At December 31, 1995, Occidental had, for U.S. federal income tax return
purposes, a capital loss carryforward of approximately $21 million, a
business tax credit carryforward of $20 million and an alternative minimum
tax credit carryforward of $270 million available to reduce future income
taxes. To the extent not used, the capital loss carryforward expires in 2000
and the business tax credit expires in varying amounts during the years 2000
and 2001. The alternative minimum tax credit carryforward does not expire.
Occidental is subject to audit by taxing authorities for varying periods in
various tax jurisdictions. Management believes that any required adjustments
to Occidental's tax liabilities will not have a material adverse impact on
Occidental's financial position or results of operations in any given year.
11. Investments
Investments in companies in which Occidental has a voting stock interest of
at least 20 percent, but not more than 50 percent, and certain partnerships
are accounted for on the equity method. At March 31, 1996, Occidental's
equity investments consisted primarily of joint-interest pipelines,
including a pipeline in the Dutch sector of the North Sea, a 30 percent
investment in the common shares of Canadian
8
Occidental Petroleum Ltd. and various chemical partnerships. The following
table presents Occidental's proportionate interest in the summarized
financial information of its equity method investments (in millions):
Three Months Ended March 31, 1996 1995
============================ ======= =======
Revenues $ 192 $ 192
Costs and expenses 172 167
------- -------
Net income $ 20 $ 25
======= =======
12. Summarized Financial Information of Wholly Owned Subsidiary
Occidental has guaranteed the payments of principal of, and interest on,
certain publicly traded debt securities of its subsidiary, OXY USA Inc. (OXY
USA). The following tables present summarized financial information for OXY
USA (in millions):
Three Months Ended March 31, 1996 1995
============================ ======= =======
Revenues $ 234 $ 176
Costs and expenses 211 190
------- -------
Net income(loss) $ 23 $ (14)
======= =======
Balance at March 31, 1996 December 31, 1995
=============================== ============== =================
Current assets $ 142 $ 206
Intercompany receivable $ 416 $ 323
Noncurrent assets $ 2,041 $ 2,057
Current liabilities $ 248 $ 244
Interest bearing note to parent $ 113 $ 121
Noncurrent liabilities $ 1,278 $ 1,283
Stockholders' equity $ 960 $ 938
------------------------------- -------------- -----------------
13. Subsequent Events
In April 1996, Occidental completed the sale of its subsidiary which engages
in on-shore drilling and servicing of oil and gas wells for approximately
$32 million. In addition, certain assets of its international phosphate
fertilizer trading operation were sold for approximately $20 million. These
transactions will not result in a material gain or loss. Also in April,
Occidental completed the acquisition of a 64 percent equity interest in
INDSPEC Holding Corporation (INDSPEC) for approximately $87 million in
common stock. Under the terms of the transaction, INDSPEC's management and
employees retained voting control of INDSPEC.
9
ITEM 2. MANAGEMENT'S DISCUSSION AND ANALYSIS OF FINANCIAL CONDITION AND
RESULTS OF OPERATIONS
RESULTS OF OPERATIONS
Occidental's net income for the first quarter of 1996 was $134 million, on net
sales and operating revenues of $2.5 billion, compared with $178 million, on net
sales and operating revenues of $2.7 billion, for the same period of 1995.

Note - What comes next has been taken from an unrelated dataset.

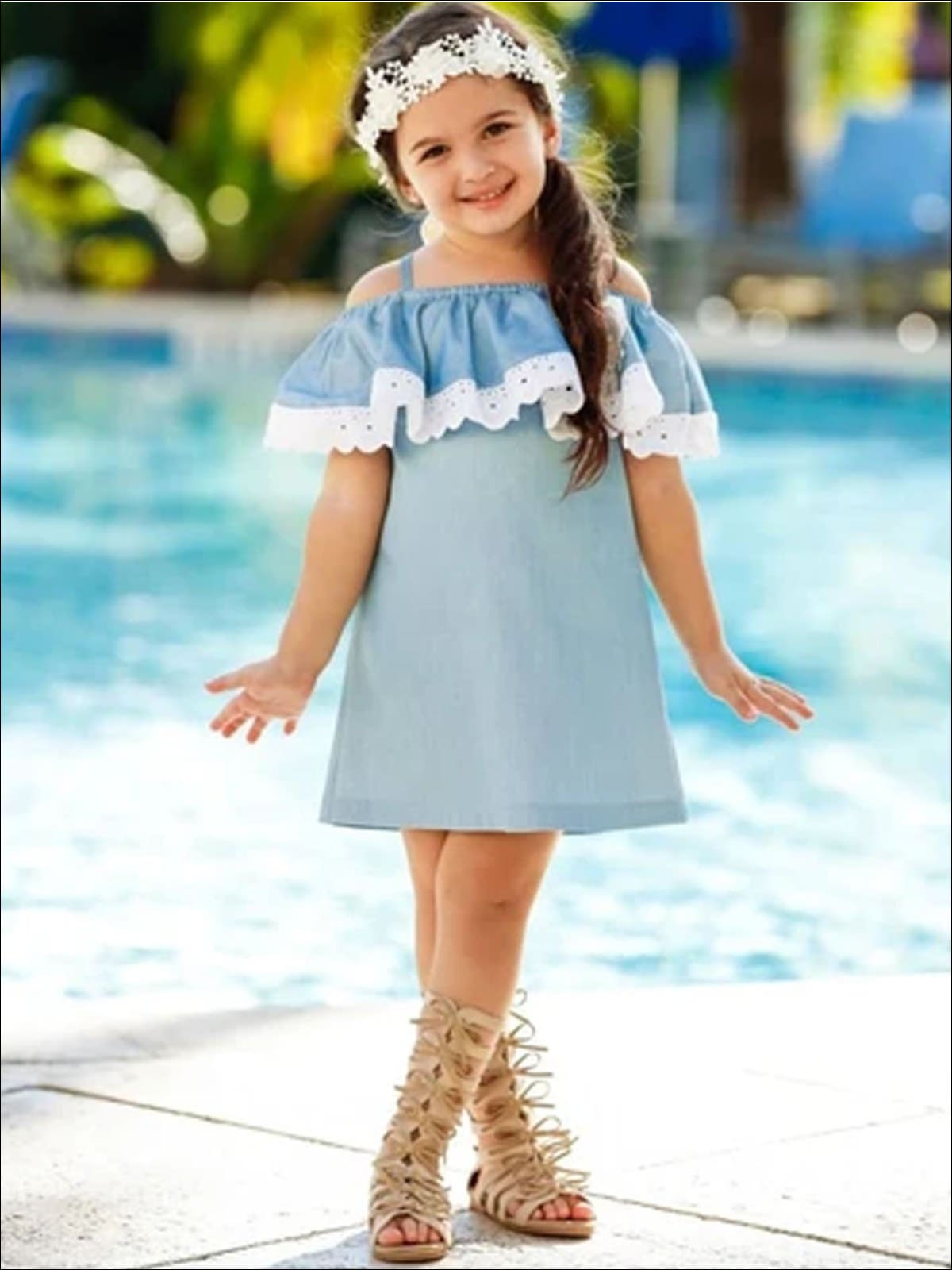 Girls Chambray Lace Ruffle Cold Shoulder Flower Dress - Girls Spring Casual Dress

Primary earnings per common share were $.35 for the first quarter of 1996,
compared with $.49 for the same period of 1995.

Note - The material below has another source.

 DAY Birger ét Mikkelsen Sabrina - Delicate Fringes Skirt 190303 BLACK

The decrease in net sales and operating revenues and net income for the first
quarter of 1996, compared with the same period of 1995, primarily reflected the
impact of reduced chemical prices, primarily for petrochemicals and PVC resins,
partially offset by higher worldwide crude oil prices, increased international
crude oil production and higher domestic natural gas prices. The 1996 first
quarter earnings were also negatively impacted by a net extraordinary loss of
$30 million ($.09 per share), which resulted from the early retirement of high-
coupon debt.
Income from equity investments decreased for the first quarter of 1996, compared
with the similar period of 1995. The decrease in 1996 primarily reflected lower
equity earnings from chemical investments, partially offset by higher equity
earnings from oil and gas investments.
The following table sets forth the sales and earnings of each operating division
and corporate items (in millions):
First Quarter
------------------
1996 1995
======= =======
DIVISIONAL NET SALES
Oil and gas $ 754 $ 705
Natural gas transmission 702 538
Chemical 1,068 1,472
Other (2) (1)
------- -------
NET SALES $ 2,522 $ 2,714
======= =======
DIVISIONAL EARNINGS
Oil and gas $ 161 $ 60
Natural gas transmission 121 75
Chemical 118 307
------- -------
400 442
UNALLOCATED CORPORATE ITEMS
Interest expense, net (130) (144)
Income taxes, administration and other (106) (120)
------- -------
INCOME BEFORE EXTRAORDINARY GAIN(LOSS), NET 164 178
Extraordinary gain(loss), net (30) --
------- -------
NET INCOME(LOSS) $ 134 $ 178
======= =======
10
Oil and gas earnings for the first quarter of 1996 were $161 million, compared
with $60 million for the same period of 1995. The increase in earnings in 1996,
compared with 1995, reflected higher worldwide crude oil prices, increased
international crude oil production, higher domestic natural gas prices and
reduced costs. Oil and gas prices are sensitive to complex factors, which are
outside the control of Occidental. Accordingly, Occidental is unable to predict
with certainty the direction, magnitude or impact of future trends in sales
prices for oil and gas.
Natural gas transmission earnings for the first quarter of 1996 were $121
million, compared with $75 million for the same period of 1995. The improvement
in earnings and revenues for the first quarter of 1996, compared with the same
period of 1995, resulted primarily from higher sales and transportation margins
and volumes largely related to the colder than normal weather in the Midwest and
Eastern United States.
Chemical earnings for the first quarter of 1996 were $118 million, compared with
$307 million for the same period of 1995. The decrease in 1996 earnings
reflected the impact of decreased profit margins for petrochemicals and PVC
resins and the absence of income applicable to assets divested in 1995. Most of
Occidental's chemical products are commodity in nature, the prices of which are
sensitive to a number of complex factors. Occidental is unable to accurately
forecast the trend of sales prices for its commodity chemical products.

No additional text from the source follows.